Fernando Andrade  – Fico imaginando seu livro tão longe, tão acintoso, em relação a certos fanatismos religiosos ou políticos neste universo desencantado de nosso maltratado planeta terra. Você acha isso e porquê.

Marcio Cappelli – O reencantamento, como esforço para captar o canto do mundo novamente é cada vez mais necessário. E a poesia tem aí um papel importante. Parece evidente que o pensamento racional, técnico-científico, estabeleceu um corte na relação dos sujeitos com a natureza e entre si que é, em certa medida, incontornável. Não seria mais possível retornar, no nosso caso, completamente a uma visão sacralizante da realidade. Entretanto, esse modelo de relação com o mundo, apesar de fornecer soluções para diversos problemas, nos colocou diante de nosso próprio fracasso tanto do ponto de vista existencial quanto civilizatório. Sendo assim, os fundamentalismos políticos e religiosos são, em alguma medida, tentativas de restabelecer o ordenamento perdido da natureza, misturando razão e encantamento. Creio que a poesia já não seria nem o retorno integral ao encantamento mitopoético tal como vivido pelo ser humano na antiguidade, seja arcaica, clássica ou tardia, nem a defesa de um ideal de Beleza tal como o entendido nos termos de certos projetos estéticos modernos. Seria importante, pelo menos pra mim, fazer com a – ou na – poesia a travessia do desencantamento, para poder, dialogando tanto com a imaginação mítica e a racionalidade conceitual e escapando às respostas fáceis e totalitárias tão comuns nos fundamentalismos de ordem política ou religiosa, dar vez ao reencantamento. Para voltar à imagem inicial, o canto do mundo só pode ser fragmentado, contingente, desarmônico e, por isso mesmo, repleto de dissonâncias. A poesia é seu eco.

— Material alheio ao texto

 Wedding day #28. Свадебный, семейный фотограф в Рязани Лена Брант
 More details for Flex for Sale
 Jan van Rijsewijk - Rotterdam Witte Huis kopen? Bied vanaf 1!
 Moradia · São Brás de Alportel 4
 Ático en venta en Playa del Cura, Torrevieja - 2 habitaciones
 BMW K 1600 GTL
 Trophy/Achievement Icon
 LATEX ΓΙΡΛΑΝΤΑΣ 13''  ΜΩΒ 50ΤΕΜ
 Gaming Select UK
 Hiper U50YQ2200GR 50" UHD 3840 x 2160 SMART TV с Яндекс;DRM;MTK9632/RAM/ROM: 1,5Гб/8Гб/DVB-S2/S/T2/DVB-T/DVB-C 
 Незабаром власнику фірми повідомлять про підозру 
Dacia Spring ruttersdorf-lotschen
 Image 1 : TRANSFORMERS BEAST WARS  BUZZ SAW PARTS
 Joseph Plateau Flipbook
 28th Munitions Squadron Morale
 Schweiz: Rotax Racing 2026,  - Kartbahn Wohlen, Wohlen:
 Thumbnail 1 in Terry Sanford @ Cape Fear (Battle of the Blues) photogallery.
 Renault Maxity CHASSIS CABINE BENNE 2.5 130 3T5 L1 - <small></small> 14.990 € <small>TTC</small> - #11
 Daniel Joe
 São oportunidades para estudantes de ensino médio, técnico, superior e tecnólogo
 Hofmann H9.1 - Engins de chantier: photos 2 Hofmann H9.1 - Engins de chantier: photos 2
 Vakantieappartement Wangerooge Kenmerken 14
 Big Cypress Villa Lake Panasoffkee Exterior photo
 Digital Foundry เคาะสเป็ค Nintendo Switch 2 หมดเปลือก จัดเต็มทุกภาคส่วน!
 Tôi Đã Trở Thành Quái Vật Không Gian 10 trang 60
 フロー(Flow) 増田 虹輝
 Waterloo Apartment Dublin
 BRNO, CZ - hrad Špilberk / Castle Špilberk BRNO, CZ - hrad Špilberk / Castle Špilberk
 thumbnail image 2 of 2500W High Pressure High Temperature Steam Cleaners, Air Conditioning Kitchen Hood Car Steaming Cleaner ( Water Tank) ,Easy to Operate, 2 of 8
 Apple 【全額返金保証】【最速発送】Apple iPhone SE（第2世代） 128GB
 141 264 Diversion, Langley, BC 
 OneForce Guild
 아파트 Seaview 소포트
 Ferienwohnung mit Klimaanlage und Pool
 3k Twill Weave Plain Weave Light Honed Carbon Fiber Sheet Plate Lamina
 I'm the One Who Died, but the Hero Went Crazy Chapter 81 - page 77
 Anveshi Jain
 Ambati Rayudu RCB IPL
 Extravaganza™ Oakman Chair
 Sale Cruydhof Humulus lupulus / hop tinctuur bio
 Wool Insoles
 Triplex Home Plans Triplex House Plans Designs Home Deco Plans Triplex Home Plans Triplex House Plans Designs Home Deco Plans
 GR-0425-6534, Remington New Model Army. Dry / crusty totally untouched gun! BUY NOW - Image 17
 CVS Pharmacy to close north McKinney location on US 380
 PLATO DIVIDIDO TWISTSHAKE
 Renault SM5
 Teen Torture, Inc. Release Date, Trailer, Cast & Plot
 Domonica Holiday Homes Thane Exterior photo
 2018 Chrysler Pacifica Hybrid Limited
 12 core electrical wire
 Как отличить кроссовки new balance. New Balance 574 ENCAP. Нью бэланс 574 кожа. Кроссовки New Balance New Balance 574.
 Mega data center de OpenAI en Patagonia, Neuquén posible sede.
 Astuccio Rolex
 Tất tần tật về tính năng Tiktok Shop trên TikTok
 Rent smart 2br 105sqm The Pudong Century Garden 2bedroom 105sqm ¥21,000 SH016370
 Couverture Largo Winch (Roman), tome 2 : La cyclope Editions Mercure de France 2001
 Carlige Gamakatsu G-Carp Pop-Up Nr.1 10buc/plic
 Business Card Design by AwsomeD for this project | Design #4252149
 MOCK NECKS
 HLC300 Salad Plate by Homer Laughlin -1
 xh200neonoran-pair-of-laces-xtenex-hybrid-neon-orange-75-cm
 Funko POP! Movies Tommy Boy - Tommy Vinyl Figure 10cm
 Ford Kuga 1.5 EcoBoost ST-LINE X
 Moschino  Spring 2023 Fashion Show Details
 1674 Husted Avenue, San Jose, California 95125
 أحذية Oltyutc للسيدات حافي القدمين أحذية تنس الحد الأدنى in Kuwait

Fernando Andrade –  Corpo, envelhecimento, ruína, sina, são sinais de certa finitude. Mas no seu livro ele provoca uma fuga através da beleza das imagens, do toque sensorial do signo. Sempre múltiplos de si mesmo. Comente.

Marcio Cappelli Toda a vida se desenrola sob o signo da precariedade, uma outra palavra para dizer finitude, ou aquela que tentamos evitar: morte. Penso que os poemas são também uma maneira de, na sua própria forma, manifestar a revelação de nossa condição, a saber, a de seres destinados à contingência. Somos corpo. Não um corpo imaterial, mas um corpo-aí, em devir, ou seja, no tempo. Talvez, um filme que expresse bem o que quero dizer seja “Asas do desejo”, do Win Wenders. Nele, o diretor conta a história de um anjo que não suporta mais viver a eternidade em preto e branco. O preço a se pagar pela experiência da beleza, do desejo, do toque, é a entrada na finitude.

Fernando Andrade – A tradução\criação é igual a este poema fantástico.
Como rezar seria uma tradução…

Escrever o poema
é ler a mensagem
do papel esfacelado
no bolso da calça
depois da lavagem

Fale do poema e do meu comentário.

Marcio Cappelli – Dizer algo a respeito de um poema meu não deixa de ser uma violência, especialmente com os possíveis leitores. Contudo, nesse caso, não creio ser uma contradição dizer algo. Derrida, em “A farmácia de Platão”, afirmou que a escritura é leitura, mas o “é” que une essas duas realidades também “descose-as”. É justamente para isso que o poema aponta. Encurtar-se a distância entre leitura e escrita, mantendo-se a diferença entre elas. Acredito que fica preservada, assim, a alteridade do leitor e do próprio poema, já que sua mensagem se furta a qualquer apreensão definitiva.